February 9, 2010 - 4:34PM

Central banks may need to become more pro-active in dealing with dangerous asset bubbles before they become destabilising to the financial system, the Reserve Bank said today. In a paper co-authored by RBA Governor Glenn Stevens, the central bank argued that keeping official interest rates too low for too long could inadvertently fuel imbalances that would lead to asset price bubbles.

At a conference to mark the Reserve Bank's 50th anniversary attended by central bankers from around the world, Mr Stevens said central banks had to be wary of waiting too long during a boom cycle to curb imbalances. "It also amounts to an argument to avoid having the boom get to that point and to err on the side, much earlier in the process, of not keeping interest rates unusually low," Mr Stevens told the closed-door conference in his speech, a copy of which was released to the media.

The problem was not solely asset prices, but the imbalances reflected in a combination of rapidly rising asset prices and credit and falling lending standards, he argued. "It is unlikely to be credible for central banks not to move, in the next decade, at least somewhat in the 'responsive' direction," Stevens said.

He was addressing a meeting attended by top officials from the European Central Bank, the U.S. Federal Reserve, the Bank of Japan and other Asian central banks.
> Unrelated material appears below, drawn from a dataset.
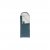 Outwell Camper Supreme Schlafsack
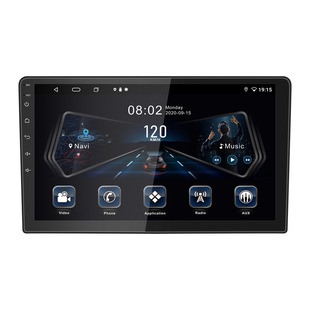 TS7��׿����GPSͨ�����CMP5܇�d��7��9��10����܇һ�w�C ���l����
First mover Australia was the first among industrialised nations last year to begin lifting interest rates from emergency lows, in part wary of fuelling another housing bubble.

The RBA has long challenged the prevailing view among central banks that they should not target asset prices and rather mop up the damage from bubbles afterward. In 2002 and 2003, it nudged up interest rates and was effective in talking down a frothy housing market. The US Federal Reserve's policy of keeping official rates low after the last downturn has been widely blamed for fuelling the US housing debacle that led to the global financial crisis.

The Fed took the view that since it was hard to identify asset bubbles in the making, it was best to let asset markets play out and "clean up" the fall-out after the boom ended. But as major central banks have found in the wake of the crisis, cleaning up afterwards is difficult when interest rates have been slashed close to zero.

One argument against interfering with asset prices is based on the belief that it is too hard to judge excessive growth, but the RBA chief said policymakers routinely faced these kinds of difficulties in judging the risks to inflation and growth. Bank for International Settlements head Jaime Caruana, speaking at the same event, echoed the point that central banks need to play a greater role in ensuring financial stability.

According to a copy of his speech, Caruana noted that debt-fuelled asset bubbles can feed off cheap money. "In general, prudential policies do not suffice to maintain financial stability," he said. "This being the case, regulation would be overburdened without some help from monetary policy."


http://www.theage.co...00209-np7e.html
You've been warned Australia - anytime they see a bubble they're gonna pop it, lucky we don't have any of those nasty bubbles around here eh... cos they'd totally pop it in its tracks they would!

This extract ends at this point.